There are certain Formula One teams that come with deep pockets. Ferrari and McLaren come to mind. Other teams, however, are always a bit on edge and the Renault F1 team was just dealt a brutal blow.
Formula One is made up of three types of teams. The first one is the privateer. It is a private race team that uses engines and other components that it buys from manufacturers. The Williams team is an example. The second type of team common in Formula One is the manufacturer team. As the name suggests, this team is started, owned and run by a road car manufacturer. BMW Sauber is an example of such a team. The third type of team in Formula One is a hybrid that combines the other two. The classic example is McLaren Mercedes.
Given the economic downturn, we’ve seen manufacturers come under heavy pressure to cut costs. If they cars aren’t selling, there simply isn’t enough money to go racing when a team can expect to spend $150 to $300 million dollars to be competitive. Honda was the first team to give up the ghost, but now Renault is in trouble. The problem? The main sponsor for the team, the ING bank, just dropped Renault for the 2010 season.
Renault has always had an interesting relationship with Formula One. At certain points, the company has had its own teams. At others, it has just supplied engines. At yet others, it has bailed completely from the sport. In short, it isn’t the most stable of teams even in the good times. Now the Renault team looks like a duck swimming on a pond with crocodiles. Everything looks calm above the water, but those feet are kicking madly.

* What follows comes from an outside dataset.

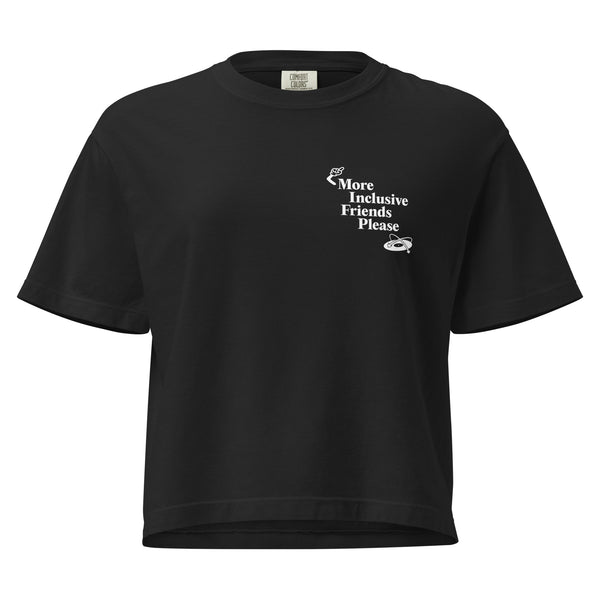 More Inclusive Friends Please Boxy Tee — Black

Renault’s retail business is a disaster much like every other car company. It recently was granted a $3 billion dollar loan from the French government to keep running as well as another $1 billion to keep its financing division from failing. While ING will continue to pay sponsorship deals this year, the loss of the revenue for 2010 is devastating.
What kind of dollar are we talking with the ING sponsorship? The numbers are not made public by the team or bank, but estimates from financial groups have put the deal at $65 to $120 million a year. That is a huge chunk of the budget for Renault to lose. Given the current economic condition and forecasts for little if any economic recover in 2010, one has to wonder where Renault will find a replacement sponsor. You can bet Renault is thinking about it.
Is this the end of Renault? Well, the team appears set for the 2009 Formula One season, but 2010 looks very iffy at best .Given the massive losses the company is suffering in addition to the loss of ING, all indications point to a grid without a Renault in 2010.